* _Exercise prompt_
Please repeat the lines below, exactly and only, from the one that holds "Building Photo - 1125 S Lake St" through the one that holds "بازی فجرشهید سپاسی".

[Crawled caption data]
:::

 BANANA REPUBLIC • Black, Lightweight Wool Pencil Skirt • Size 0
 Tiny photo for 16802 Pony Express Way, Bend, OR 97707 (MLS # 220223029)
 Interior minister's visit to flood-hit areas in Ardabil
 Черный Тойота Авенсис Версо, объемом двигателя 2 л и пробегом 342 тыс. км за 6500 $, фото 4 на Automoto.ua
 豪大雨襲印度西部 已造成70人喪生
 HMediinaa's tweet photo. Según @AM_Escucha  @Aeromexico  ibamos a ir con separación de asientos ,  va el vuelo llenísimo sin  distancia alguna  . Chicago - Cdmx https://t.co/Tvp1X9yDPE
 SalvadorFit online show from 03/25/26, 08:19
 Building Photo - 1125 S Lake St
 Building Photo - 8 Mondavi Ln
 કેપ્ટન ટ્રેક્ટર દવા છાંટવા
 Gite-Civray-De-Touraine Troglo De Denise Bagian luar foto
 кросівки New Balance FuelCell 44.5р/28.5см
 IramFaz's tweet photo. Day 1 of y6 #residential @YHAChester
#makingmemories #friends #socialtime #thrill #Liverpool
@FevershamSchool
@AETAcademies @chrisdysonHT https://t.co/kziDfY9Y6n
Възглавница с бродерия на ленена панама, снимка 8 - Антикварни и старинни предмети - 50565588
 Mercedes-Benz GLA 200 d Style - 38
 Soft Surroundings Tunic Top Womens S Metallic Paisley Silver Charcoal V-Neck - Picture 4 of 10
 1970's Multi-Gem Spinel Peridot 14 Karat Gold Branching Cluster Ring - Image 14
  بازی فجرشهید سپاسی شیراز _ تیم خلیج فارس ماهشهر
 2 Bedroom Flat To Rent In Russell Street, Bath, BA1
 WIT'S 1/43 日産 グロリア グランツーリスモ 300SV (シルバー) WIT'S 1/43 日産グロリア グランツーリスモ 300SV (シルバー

:::

* _Response to this exercise_
 Building Photo - 1125 S Lake St
 Building Photo - 8 Mondavi Ln
 કેપ્ટન ટ્રેક્ટર દવા છાંટવા
 Gite-Civray-De-Touraine Troglo De Denise Bagian luar foto
 кросівки New Balance FuelCell 44.5р/28.5см
 IramFaz's tweet photo. Day 1 of y6 #residential @YHAChester
#makingmemories #friends #socialtime #thrill #Liverpool
@FevershamSchool
@AETAcademies @chrisdysonHT https://t.co/kziDfY9Y6n
Възглавница с бродерия на ленена панама, снимка 8 - Антикварни и старинни предмети - 50565588
 Mercedes-Benz GLA 200 d Style - 38
 Soft Surroundings Tunic Top Womens S Metallic Paisley Silver Charcoal V-Neck - Picture 4 of 10
 1970's Multi-Gem Spinel Peridot 14 Karat Gold Branching Cluster Ring - Image 14
  بازی فجرشهید سپاسی شیراز _ تیم خلیج فارس ماهشهر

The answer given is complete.